◆ Problem to solve
Take the line that contains "302 Douglas St, Nashua, IA 50658" and each line after it to the end of the material below, and return them exactly, minus the pictures.

◆ Source material

Start of Block

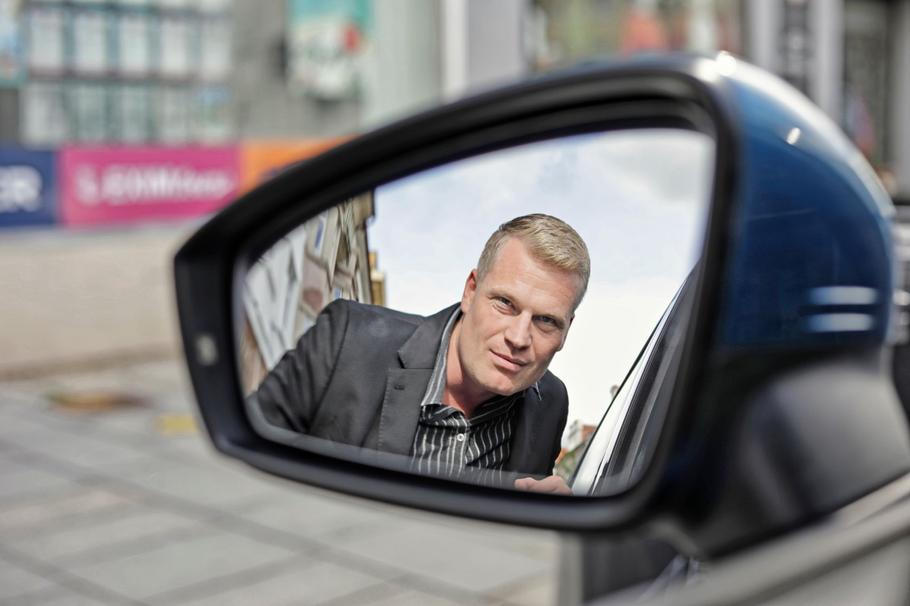 Bývalý automobilový závodník a lídr Přísahy s Motoristy Filip Turek, kandidát do Eurovoleb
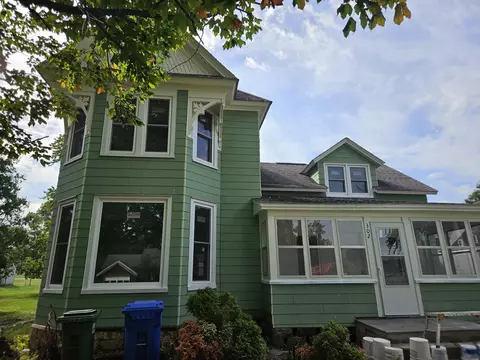 302 Douglas St, Nashua, IA 50658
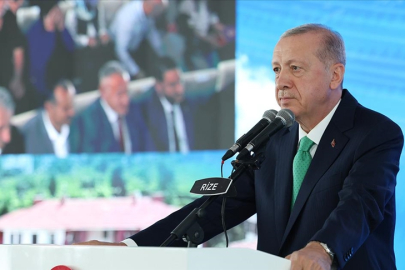 Cumhurbaşkanı Erdoğan Rize’de afet konutlarının anahtarlarını teslim etti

End of Block

◆ Task response
 302 Douglas St, Nashua, IA 50658
 Cumhurbaşkanı Erdoğan Rize’de afet konutlarının anahtarlarını teslim etti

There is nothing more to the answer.